Press ESC to close

Museum Kretek, Situs Sejarah Budaya Kudus

Sejarah kretek selalu melekat dan indentik pada Kota Kudus. Didasari ungkapan rasa dan kepedulian akan keberlanjutan produk budaya itulah, maka Museum Kretek di Kudus dibangun. Tepatnya pada tanggal 3 Oktober 1986. Diprakarsai oleh Gubernur Jawa Tengah pada masa itu, Soepardjo Roestam.

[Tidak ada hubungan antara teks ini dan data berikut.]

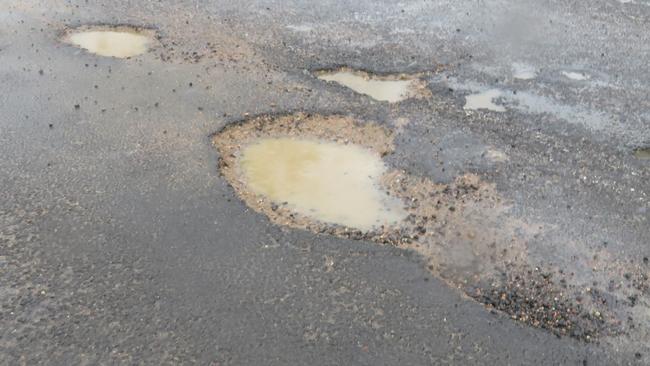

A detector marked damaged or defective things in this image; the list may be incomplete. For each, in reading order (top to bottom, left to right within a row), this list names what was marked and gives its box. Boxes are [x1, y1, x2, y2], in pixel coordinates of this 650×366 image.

water-filled pothole [62, 25, 155, 58]
large pothole [61, 25, 156, 58]
small pothole [62, 25, 156, 58]
small pothole [314, 68, 430, 103]
water-filled pothole [316, 68, 430, 103]
water-filled pothole [464, 88, 504, 111]
water-filled pothole [238, 139, 404, 230]
water-filled pothole [213, 113, 644, 340]
large pothole [213, 113, 644, 342]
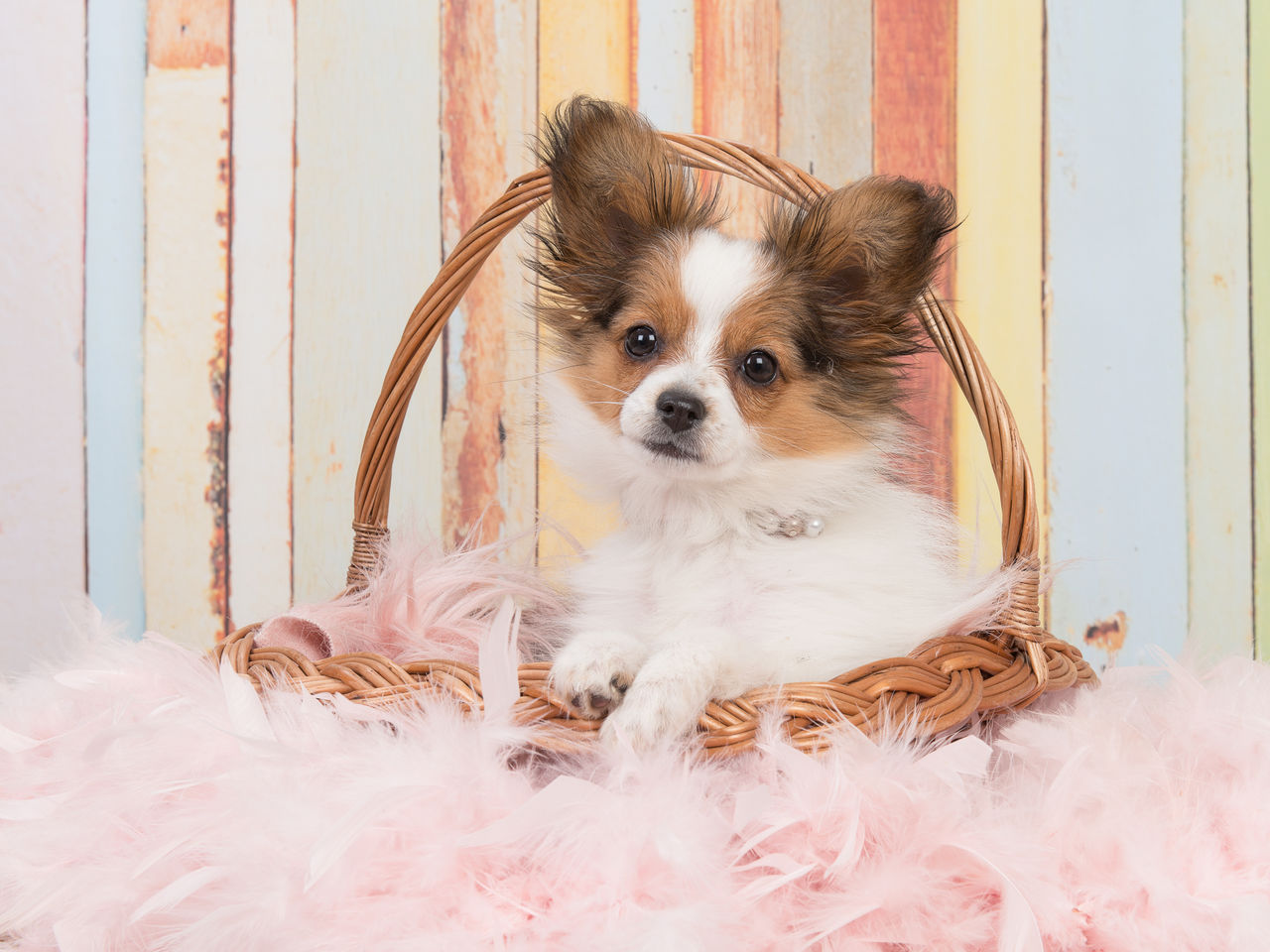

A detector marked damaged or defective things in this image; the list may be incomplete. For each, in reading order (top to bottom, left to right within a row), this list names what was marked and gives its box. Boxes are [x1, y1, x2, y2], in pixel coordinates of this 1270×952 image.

peeling paint on wood [873, 0, 954, 508]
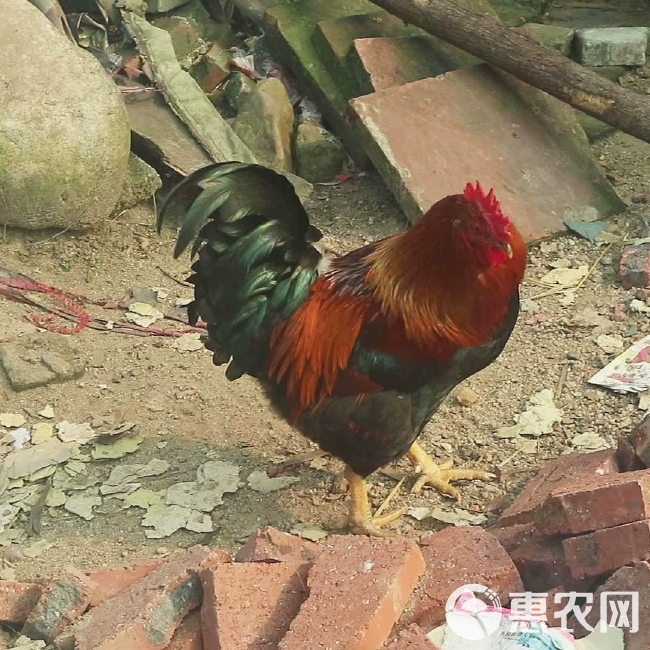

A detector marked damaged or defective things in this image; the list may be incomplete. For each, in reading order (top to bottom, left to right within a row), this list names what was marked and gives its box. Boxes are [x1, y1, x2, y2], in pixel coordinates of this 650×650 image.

broken tile [346, 64, 624, 238]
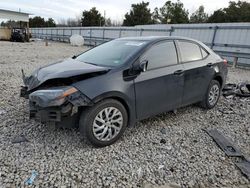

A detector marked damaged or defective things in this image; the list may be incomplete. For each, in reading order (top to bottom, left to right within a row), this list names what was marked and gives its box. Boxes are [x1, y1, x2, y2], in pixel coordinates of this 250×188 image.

dented hood [24, 58, 110, 91]
broken headlight [28, 86, 77, 107]
damaged bumper [20, 86, 93, 127]
damaged front end [28, 86, 93, 128]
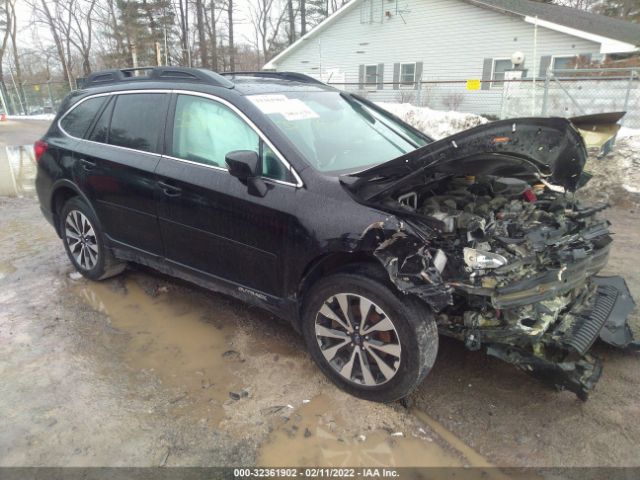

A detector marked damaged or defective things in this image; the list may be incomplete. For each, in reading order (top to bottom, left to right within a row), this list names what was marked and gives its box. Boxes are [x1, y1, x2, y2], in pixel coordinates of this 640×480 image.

crumpled hood [340, 112, 624, 201]
severe front-end damage [340, 113, 636, 402]
crushed bumper [484, 276, 636, 400]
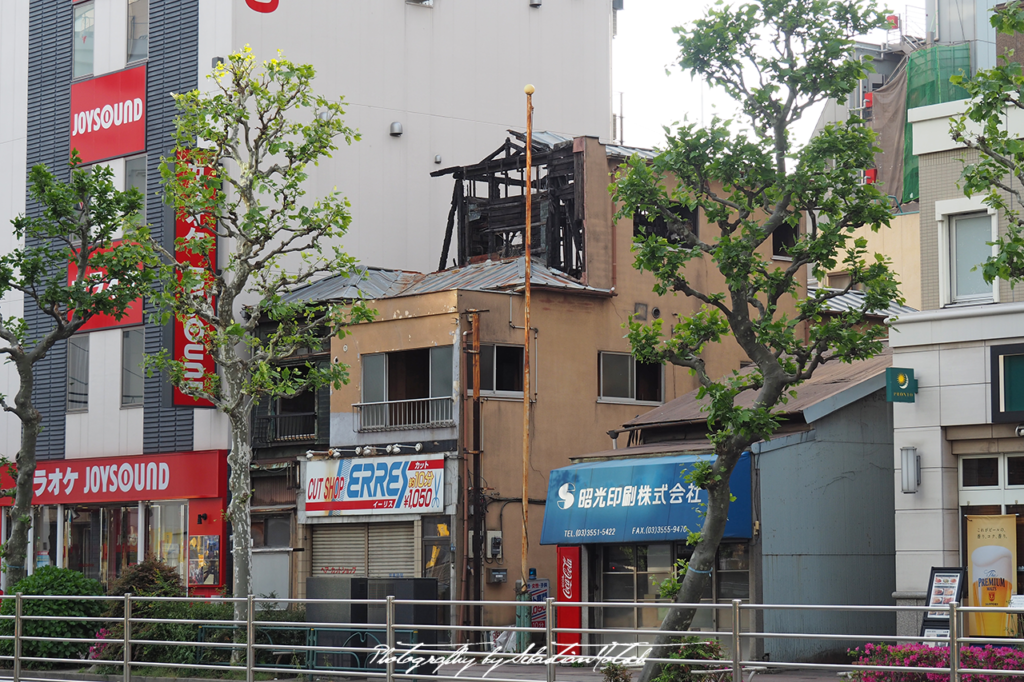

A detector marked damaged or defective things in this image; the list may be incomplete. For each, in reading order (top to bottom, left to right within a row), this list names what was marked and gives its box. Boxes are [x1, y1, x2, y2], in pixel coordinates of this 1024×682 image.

burnt structure [434, 130, 584, 278]
fire-damaged building [280, 130, 808, 628]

Dari dahulu hingga sekarang, kretek telah membantu perekonomian dan pembangunan Kudus. Bahkan, lebih luasnya lagi bagi negara Indonesia yang nilainya tidak sedikit. Kelangsungan ekonomi masyarakat dari sektor kretek menyimpan beragam kronik sejarah yang layak diabadikan sebagai suatu kebanggan. Bahkan, jauh sebelum kretek diproduksi secara industrial. Produk kretek menjadi ikon kota di Jawa Tengah tersebut, menjadi simbol perekat sosial antar lapisan masyarakat.

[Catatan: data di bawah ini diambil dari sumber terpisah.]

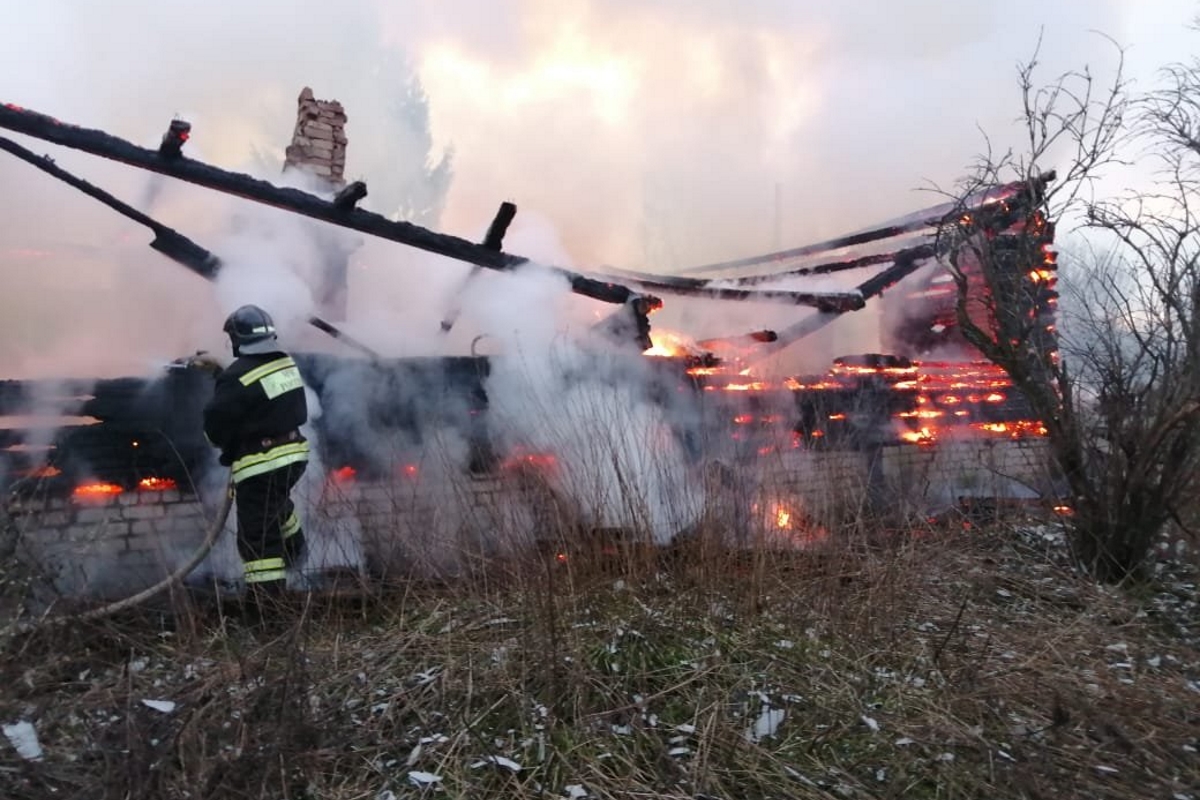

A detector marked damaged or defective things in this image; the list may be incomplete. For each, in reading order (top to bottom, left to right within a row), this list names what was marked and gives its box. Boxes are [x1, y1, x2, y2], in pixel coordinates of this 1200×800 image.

charred wooden beam [0, 133, 379, 357]
burnt rafter [0, 134, 379, 359]
charred wooden beam [0, 103, 648, 309]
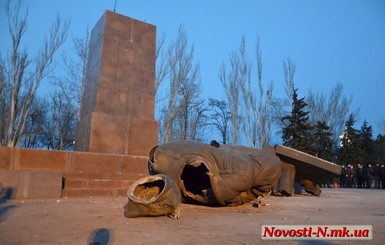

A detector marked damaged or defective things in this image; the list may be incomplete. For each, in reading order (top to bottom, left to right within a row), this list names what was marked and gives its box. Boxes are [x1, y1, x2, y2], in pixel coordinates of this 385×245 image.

damaged sculpture [126, 140, 340, 218]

Tidaklah berlebihan jika kemudian, salah satu simbol identitas bangsa ini harus dilestarikan sebagai satu ungkapan mendalam atas rasa terimakasih dan kepedulian masyarakat terhadap produk budaya yang telah memberi nilai kehidupan dari masa ke masa.

Museum Kretek menjadi situs pelestarian yang menyimpan beragam bentuk dokumentasi dari perkembangan kretek di Kudus dan Nusantara. Terdapat ribuan koleksi mengenai kronik sejarah kretek di museum tersebut.

Beberapa waktu lalu, Pemerintah Kabupaten Kudus dengan penuh dedikasi, telah melakukan kajian terhadap 30 benda koleksi Museum Kretek. Benda-benda tersebut antara lain seperti cacak tembakau, mesin linting, botol-botol saus, dan gilingan tembakau.

Tujuan dari program kajian ulang benda-benda tersebut, sejatinya agar literasi dan nilai historis dari berbagai alat produksi kretek bisa terus diperbaharui, sejurus itu diharapkan dapat bermanfaat bagi pendidikan di Indonesia.

Mengingat lagi, komoditas Industri Hasil Tembakau (IHT) bernama kretek ini merupakan salah satu komoditas paling penting dalam mengangkat nama Kudus. Sehingga menjadi ikon daerah yang terus melekat, maka proses kajian benda peninggalan sejarah tersebut dinilai sangat penting.

Baca Juga:  Sejarah Dji Sam Soe, Kenapa Menggunakan Simbol 234?

Ada yang perlu diingat pula, bahwa sebetulnya pelestarikan Museum Kretek tidak hanya sekadar berhenti pada satu entitas saja, yang dalam hal ini Pemerintah. Diperlukan kepedulian banyak pihak untuk menjaga marwah budaya Indonesia, yang dari situlah dunia akan memaknainya sebagai sebuah legacy.

Tentu saja, kita sebagai penikmat kretek mempunyai tanggungjawab yang sama dengan pihak otoritas, walaupun pengejawantahannya berbeda dari yang pemerintah lakukan.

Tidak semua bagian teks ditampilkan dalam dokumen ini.